El segundo libro de los Macabeos narra el martirio de una familia heroica. Siete hermanos y su madre padecieron la muerte por no renegar del Dios de Israel. La primera lectura de la Misa narra la historia de los cuatro primeros.
La madre contempla dolorosamente la muerte de cada uno de sus hijos en medio de los más espantosos tormentos. Ella sabía que sus hijos eran de Dios y para Dios. Aun estando transida por el dolor, descansaba sabiendo que ellos gozarían de la eterna bienaventuranza, porque creían en la resurrección de los muertos. En pocos lugares del Antiguo Testamento se profesa la fe en la resurrección de modo tan manifiesto.
Poco antes de la muerte violenta del sexto hermano, el texto sagrado se detiene en una detallada y cuidadosa descripción de la madre. «Admirable de todo punto y digna de glorioso recuerdo fue aquella madre que, al ver morir a sus siete hijos en el espacio de un solo día, sufría con valor porque tenía la esperanza puesta en el Señor. Animaba a cada uno de ellos en su lenguaje patrio y, llena de generosos sentimientos y estimulando con ardor varonil sus reflexiones de mujer, les decía:
“Yo no sé cómo aparecisteis en mis entrañas, ni fui yo quien os regaló el espíritu y la vida, ni tampoco organicé yo los elementos de cada uno. Pues así el Creador del mundo, el que modeló al hombre en su nacimiento y proyectó el origen de todas las cosas, os devolverá el espíritu y la vida con misericordia, porque ahora no miráis por vosotros mismos a causa de sus leyes”» (2 M 7, 20-23).
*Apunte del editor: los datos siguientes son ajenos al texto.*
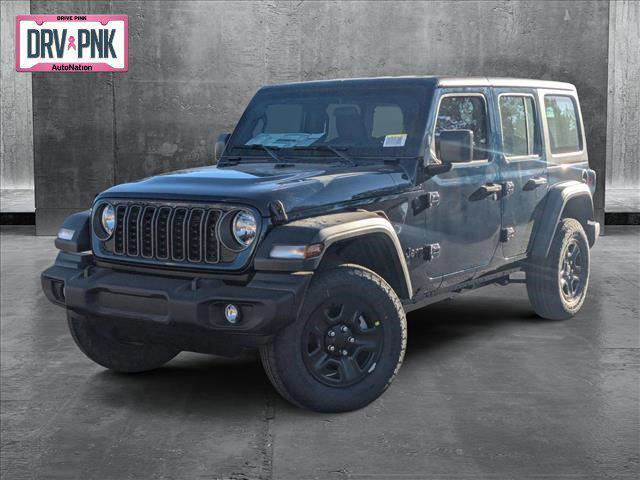 new 2025 Jeep Wrangler car, priced at $39,397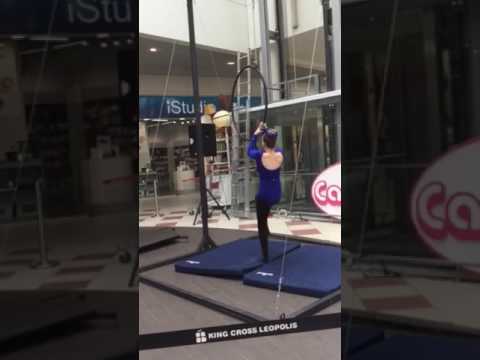 Ivanna Oliinyk "Aerial Hoop"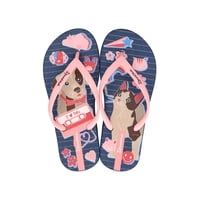 Sandalia Niña Azul Pets 195 Ipanema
Su valentía no sufrió merma cuando le llegó el momento al último de sus hijos. El rey Antíoco se persuadió de que la violencia no haría cambiar el parecer del creyente, de modo que cambió de táctica. Llenó de agasajos sus oídos y le hizo promesas incontables si renegaba de Dios.
Nada hacía cambiar el parecer del muchacho. El jerarca recurrió a la madre para que, convenciéndole, salvara su vida. El resultado fue muy distinto a la previsión del rey. «Hijo, ten compasión de mí que te llevé en el seno por nueve meses, te amamanté por tres años, te crié y te eduqué y alimenté hasta la edad que tienes. Te ruego, hijo, que mires al cielo y a la tierra y, al ver todo lo que hay en ellos, sepas que a partir de la nada lo hizo Dios y que también el género humano ha llegado así a la existencia. No temas a este verdugo, antes bien, mostrándote digno de tus hermanos, acepta la muerte, para que vuelva yo a encontrarte con tus hermanos en la misericordia» (2 M 7, 27-29).
Todos juntos, en el cielo, por la perseverancia. Que el Señor nos ayude a permanecer fieles a tan noble y piadoso propósito.